On a parlé d’Enron à l’indienne : début janvier, la quatrième SSII du sous-continent s’est trouvé au cœur d’un important scandale financier né des malversations de son ancien PDG, Ramalinga Raju, jusqu’après avoir été exclue des marchés publics de la Banque Mondial pour une sombre affaire de corruption. Ramalinga Raju aurait rien moins détourné que plus d’un milliard de dollars au travers d’un réseau de plusieurs centaines de sociétés. Le tout en gonflant sur plusieurs années les comptes de la SSII afin de dissimuler le détournement. Le rachat, abandonné, de deux sociétés spécialisées dans le BTP et appartenant à la famille Raju, devait, en décembre, permettre de rééquilibrer les comptes pour faire un trait sur les falsifications passées.

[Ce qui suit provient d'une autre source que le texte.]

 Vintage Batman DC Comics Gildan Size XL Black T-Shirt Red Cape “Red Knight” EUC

Aujourd’hui, Satyam est en passe d’être rachetée par une autre SSII indienne, Tech Mahindra.
Le cas de Satyam est-il isolé ? Eclaire-t-il sur des défauts profonds de gouvernance dans pays connu pour son capitalisme familial ? Les avis sont clairement partagés. Pour le Nasscom, l’association professionnelle représentant les acteurs de l’IT et du BPO indiens, « cet incident est particulièrement malheureux alors que l’industrie indienne de l’IT et du BPO a mis en place des standards très élevés en matière de gouvernance et d’éthique. » Ce qui ne l’a pas empêché, mi-février, de mettre en place un comité dédié à la gouvernance et à l’éthique.

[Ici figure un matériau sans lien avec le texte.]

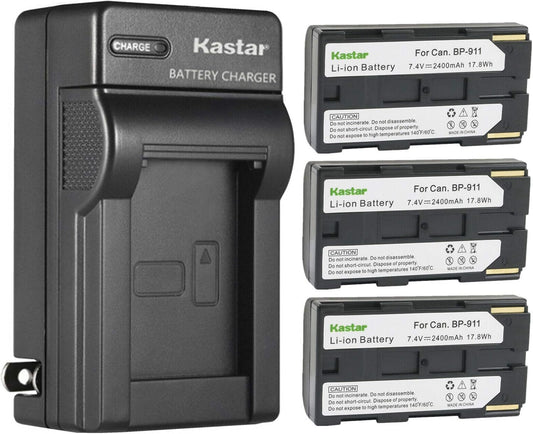 Kastar 3-Pack Battery and AC Wall Charger for Canon GL2 Series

Pour Gilles Moutounet, vice-président de la stratégie et de l’international pour Gitanjali Group (spécialisé dans le luxe), il ne faut pas « regarder ce scandale comme un potentiel problème indien. » Se voulant rassurant, le ministère indien chargé des entreprises a assuré début janvier que seraient prises « toutes les actions nécessaires pour que ce type de scandale ne se reproduise pas. »

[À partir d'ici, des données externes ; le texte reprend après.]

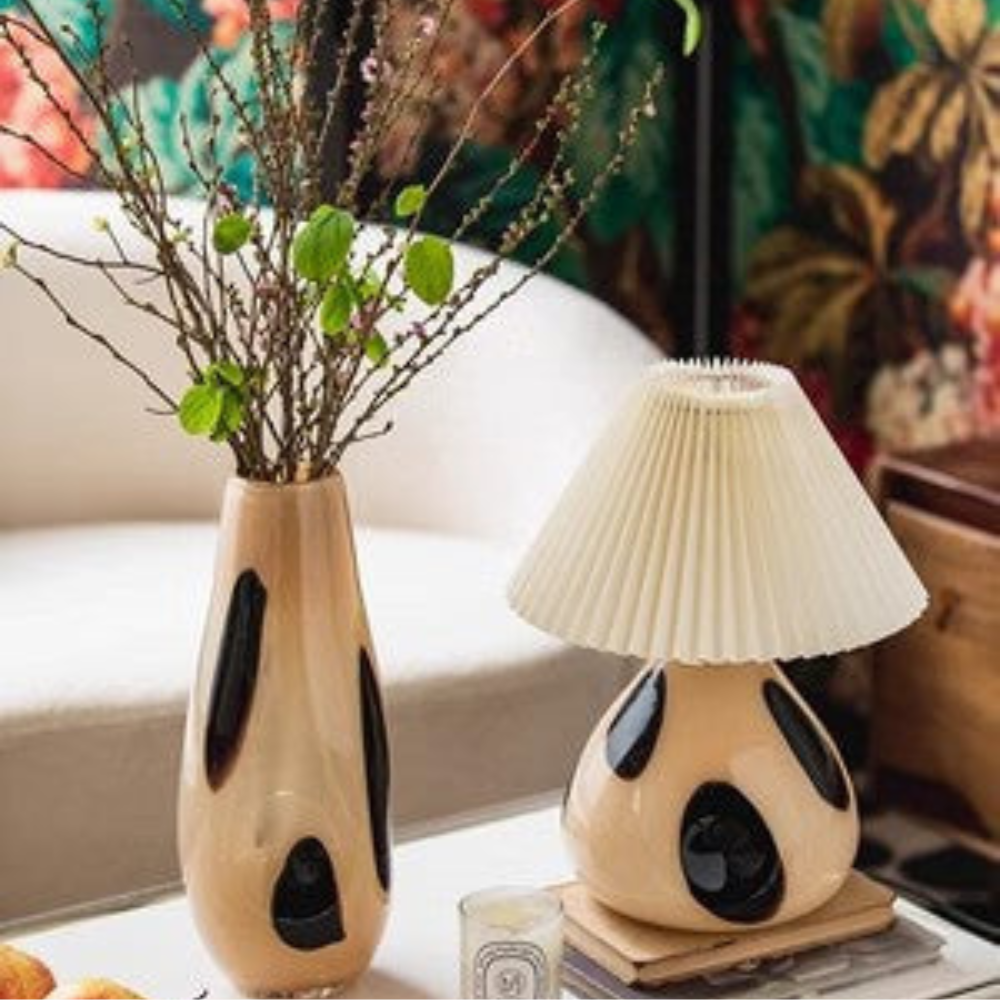 Table Lamp with Pleated Fabric Shade - Mid Century Modern Ceramic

Pour le journaliste indien Devidas Deshpande, qui collabore au Pune Mirror, une publication locale du groupe Times, le scandale Satyam renvoie à un héritage culturel profond, le syndrome de Dhritrashtra, l’histoire d’un roi du Mahabharata déchu pour avoir aveuglément suivi et supporté ses fils dans leurs turpitudes. Et notre confrère de trouver des exemples récents et nombreux de ce syndrome dans les mondes politique et des affaires indiens modernes.
La journaliste Sucheta Delal, spécialiste des affaires financière et de la gouvernance, relevait, mi-décembre, que l’attitude cavalière de la direction de Satyam à l’égard de ses actionnaires n’a rien d’isolé : « such anti-investor actions are not new to them, but investors’ Memory, especially that of found managers, is very short ! » Et de donner plus loin la parole à un dirigeant d’entreprise technologique indienne, anonyme, dénonçant la manière dont certaines réglementations fiscales locales encouragent, selon lui, les détournements de fonds et autres abus de biens sociaux.
De son côté, l’Asia Development Bank a insisté, début mars, sur le fait que « The Satyam scandal in India highlights the need for sound enforcement of rigorous accountg standards. A particular area for close study is monitoring family-run businesses. » Le cas Satyam ne serait peut-être pas aussi isolé que certains pourraient ou voudraient le penser.
C’est dans ce contexte tendu que l’actuel premier ministre indien, Manmohan Singh, est monté au créneau mi-avril pour affirmer sa « confiance » dans la capacité des systèmes de régulation indiens de prévenir de nouveaux scandales tels que celui de Satyam. Las, les règles de gouvernance imposées aux sociétés côtés en Inde en pousseraient un nombre toujours plus grand à quitter les marchés boursiers. Une code de gouvernance pour sociétés non cotées ferait actuellement l’objet de réflexions. Et si rien de concret ne devrait aboutir avant 2010 - sinon plus -, l’Intitute of Company Secretaries of India s’est lancé dans l’étude des pratiques internationales de gouvernance corporate afin de les comparer aux pratiques locales.